Par Isabelle Regnier
Après sa victoire aux Golden Globes pour un rôle dramatique, la Française sera cette fois face à Emma Stone, également couronnée, pour « La La Land », côté comédies.
La liste des nominations aux Oscars 2017 est tombée, mardi 24 janvier en début d’après-midi et, de ce côté de l’Atlantique, la grande nouvelle est sans conteste la présence d’Isabelle Huppert dans la liste des actrices retenues. Deux semaines après avoir remporté le Golden Globe de la meilleure actrice dans un rôle dramatique pour sa performance dans Elle, de Paul Verhoeven, voilà donc la championne dans les starting-blocks pour la distinction hollywoodienne suprême.
Dans le dernier round de ce match médiatico-diplomatique qui a débuté avec les festivals nord-américains de la fin de l’été (Toronto, New York, Londres…), elle sera en concurrence avec Ruth Negga (pour Loving, de Jeff Nichols), Natalie Portman (pour Jackie, de Pablo Larrain), Emma Stone (pour La La Land, de Damien Chazelle) et Meryl Streep (pour Florence Foster Jenkins, de Stephen Frears).
La manière dont elle a su s’imposer, portant fièrement les couleurs d’un film sulfureux – l’histoire d’une femme qui s’engage dans une relation de séduction perverse avec celui qui l’a violée – réalisé par un cinéaste qui ne l’est pas moins – conspué par la critique après Starship Troopers et traité de fasciste, définitivement répudié après le fiasco financier de Showgirls –,prouve, en tout état de cause, qu’elle est à la hauteur du défi.
Soutenue par Sony Classics, distributeur du film aux Etats-Unis, qui lui a organisé minutieusement son planning de rencontres avec la presse, cocktails glamour et autres dîners de galas, Huppert a su séduire les votants alors même que le film n’a pas été retenu pour l’Oscar du meilleur film en langue étrangère.
Qu’elle remporte ou non l’Oscar le 26 février, cette nomination est d’ores et déjà une victoire pour cette actrice à la carrière éblouissante et internationale, mais dont les rapports avec les Etats-Unis ont toujours été houleux. Venue pour la première fois y tourner en 1979 à la demande de Michael Cimino pour jouer une petite maquerelle de l’Ouest dans La Porte du paradis, chef-d’œuvre maudit dont les dépassements de budget ont précipité la fermeture du studio United Artiste, elle a frôlé la gloire en 2001, au moment de La Pianiste,de Michael Haneke.

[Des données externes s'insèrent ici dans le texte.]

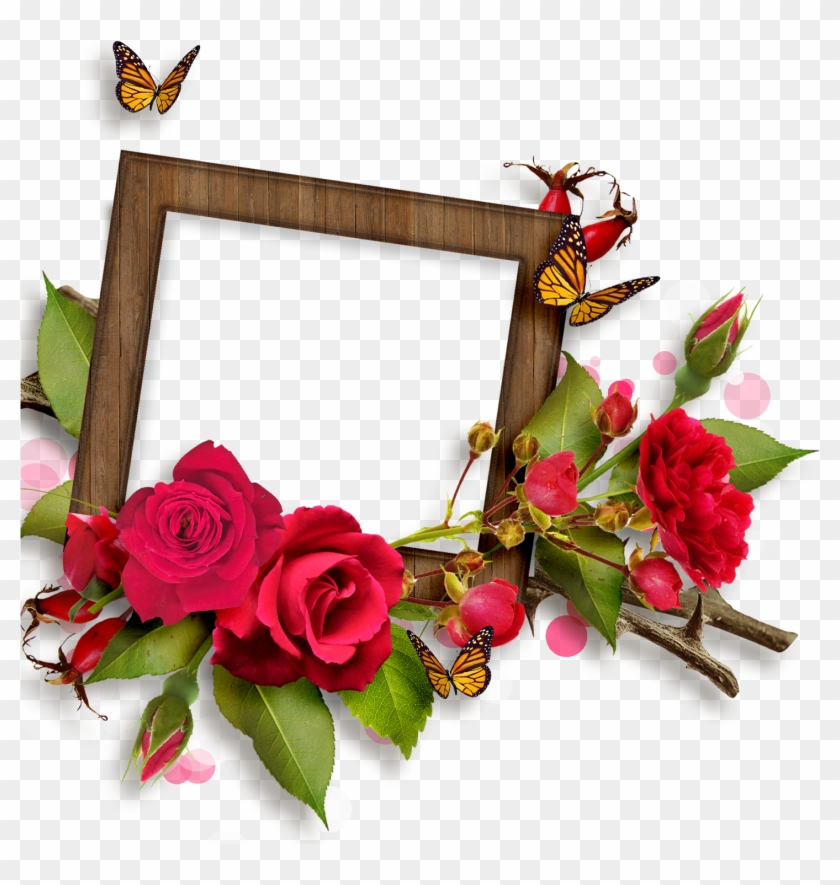 Red Frame With Red Rose - Rose Photo Frame Design Clipart #403209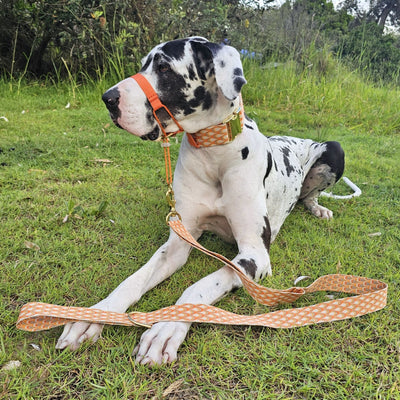 tangerine sunset orange dog statement lead leash monte carlo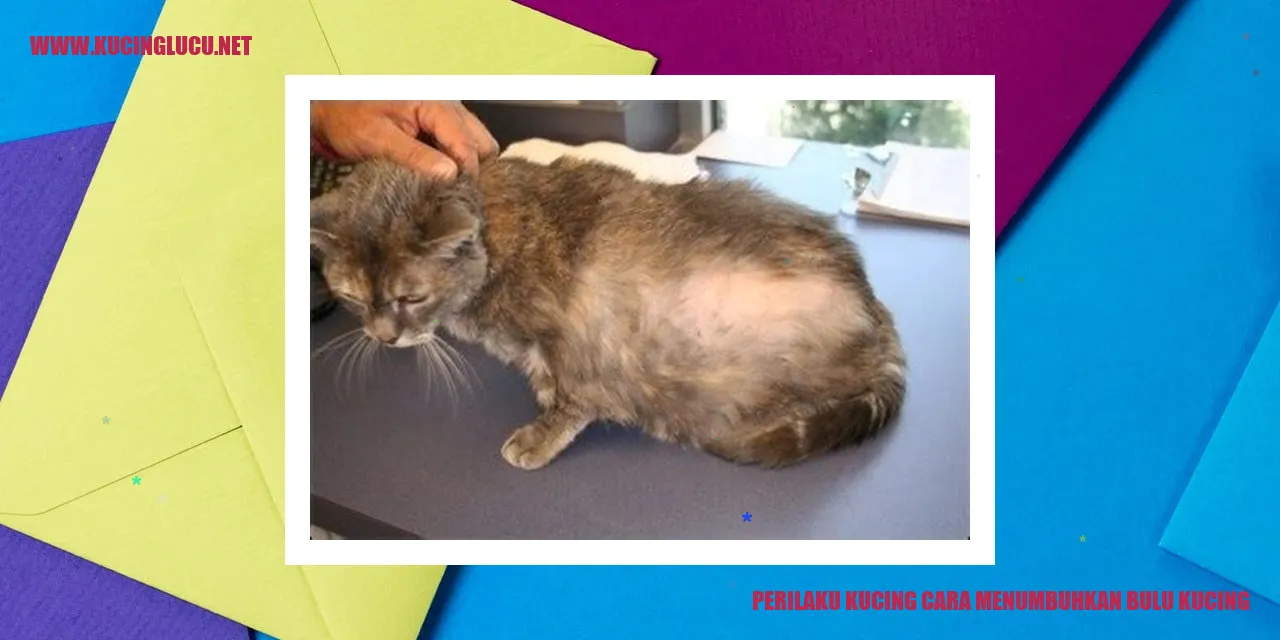 Perilaku Kucing cara menumbuhkan bulu kucing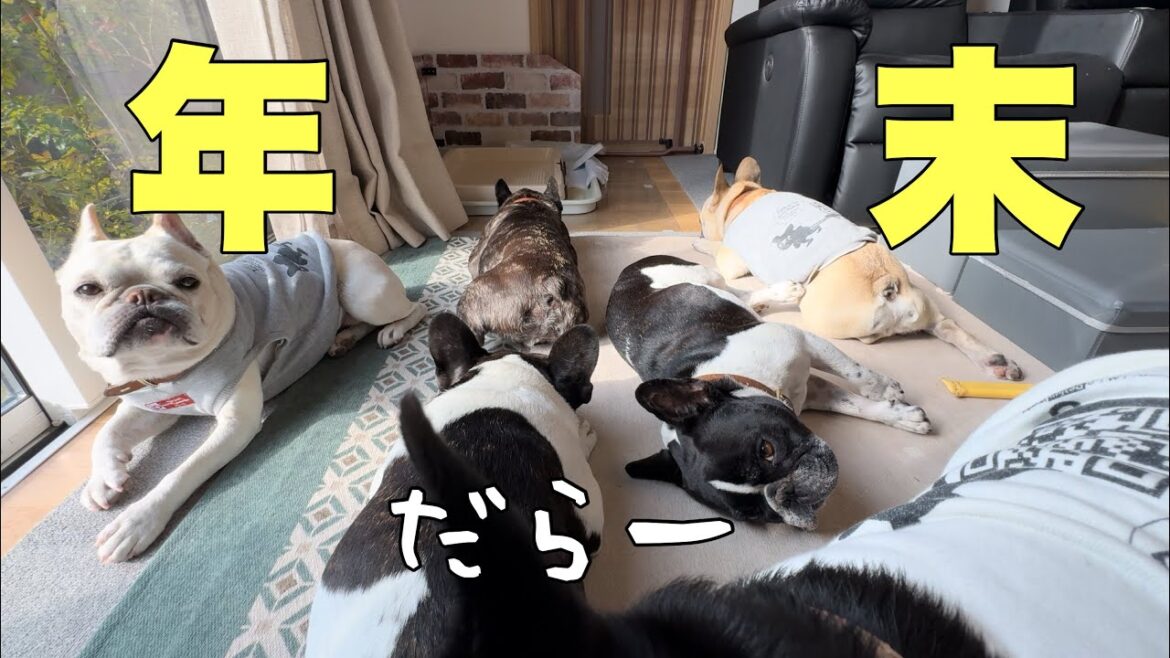 【年の瀬1日密着】6兄弟の手も借りたいくらいなのに犬たちはｗ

Alors que la presse la tenait pour une sérieuse candidate à l’Oscar, le film s’est avéré inéligible pour des raisons techniques – un dépassement de délai imputable à une négligence du distributeur américain –, a-t-elle confié ce mois-ci à Vanity Fair.
Monument d’opacité
Il faut croire que le personnage qu’elle joue dans Elle, monument d’opacité, de passion sadomasochiste, de puissance brute et d’humour froid, qui condense de nombreuses facettes de son génie, a excité l’Amérique. Et que le numéro d’enthousiasme exalté auquel elle s’est livrée en recevant son Golden Globe a fait le reste.
L’autre fait saillant de cette liste de nominations est la persistance du raz-de-marée La La Land, qui engrange à lui seul 14 nominations – égalant le record de Titanic (1998) et de All about Eve (1951). A ce titre, et si l’on se fie aux choix des jurés des Golden Globes qui lui ont attribué le prix de la meilleure actrice de comédie ou de comédie musicale, Emma Stone est sans doute la concurrente la plus dangereuse pour Isabelle Huppert.
Nommée dans la catégorie du meilleur film, la comédie musicale de Damien Chazelle jouit d’une très forte cote, mais les jeux sont encore ouverts, et on pourrait aussi bien voir couronné un des six films suivants : Premier Contact du Canadien Denis Villeneuve, Fences,de Denzel Washington, Tu ne tueras point, de Mel Gibson, Comencheria, de David Mackenzie, Les Figures de l’ombre, de Theodore Melfi, Manchester by the Sea, de Kenneth Lonergan, Lion, de Garth Davis, ou encore Moonlight, de Barry Jenkins.
La France, qui avait choisi Elle pour porter ses couleurs (film réalisé par un Néerlandais, mais en langue française, et produit par un Français, Saïd Ben Saïd) n’est donc pas représentée parmi les candidats à l’Oscar du meilleur film en langue étrangère. Elle concourt, en revanche, pour celui du meilleur film d’animation, avec Ma Vie de courgette, de Claude Barras, qui affronte Kubo et l’armure magique, de Travis Knight, La Tortue rouge, de Michael Dudok de Wit (coproduit par des Français), Zootopie, de Byron Howard et Rich Moore, et Vaiana, la légende du bout du monde, de John Musker et Ron Clements.